### YOUR GOAL
Return the records below from the line containing "Car Coasters" onward, exactly, through and including the last line.

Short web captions

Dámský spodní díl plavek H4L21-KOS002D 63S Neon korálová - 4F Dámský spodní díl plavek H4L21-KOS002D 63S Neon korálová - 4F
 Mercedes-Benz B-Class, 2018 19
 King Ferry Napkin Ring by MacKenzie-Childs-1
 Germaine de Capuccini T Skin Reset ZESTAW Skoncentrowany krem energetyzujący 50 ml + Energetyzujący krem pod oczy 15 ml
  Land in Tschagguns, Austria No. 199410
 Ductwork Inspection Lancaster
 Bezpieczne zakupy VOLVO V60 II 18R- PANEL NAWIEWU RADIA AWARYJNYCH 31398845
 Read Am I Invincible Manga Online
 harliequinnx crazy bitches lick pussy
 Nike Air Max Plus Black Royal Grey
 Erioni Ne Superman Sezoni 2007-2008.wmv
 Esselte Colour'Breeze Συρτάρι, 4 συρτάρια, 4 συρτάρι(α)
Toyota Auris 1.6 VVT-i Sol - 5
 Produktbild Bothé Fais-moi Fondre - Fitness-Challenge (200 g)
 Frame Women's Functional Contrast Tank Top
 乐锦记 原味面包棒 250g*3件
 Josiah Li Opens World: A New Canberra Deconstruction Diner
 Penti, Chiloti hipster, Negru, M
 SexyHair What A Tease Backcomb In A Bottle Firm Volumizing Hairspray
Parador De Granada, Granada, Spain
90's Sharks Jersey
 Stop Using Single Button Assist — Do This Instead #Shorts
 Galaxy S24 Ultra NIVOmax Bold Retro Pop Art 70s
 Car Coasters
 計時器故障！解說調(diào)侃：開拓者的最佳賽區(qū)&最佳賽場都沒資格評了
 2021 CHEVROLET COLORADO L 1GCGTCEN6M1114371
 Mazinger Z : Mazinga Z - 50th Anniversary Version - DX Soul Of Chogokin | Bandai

### RESPONSE
 Car Coasters
 計時器故障！解說調(diào)侃：開拓者的最佳賽區(qū)&最佳賽場都沒資格評了
 2021 CHEVROLET COLORADO L 1GCGTCEN6M1114371
 Mazinger Z : Mazinga Z - 50th Anniversary Version - DX Soul Of Chogokin | Bandai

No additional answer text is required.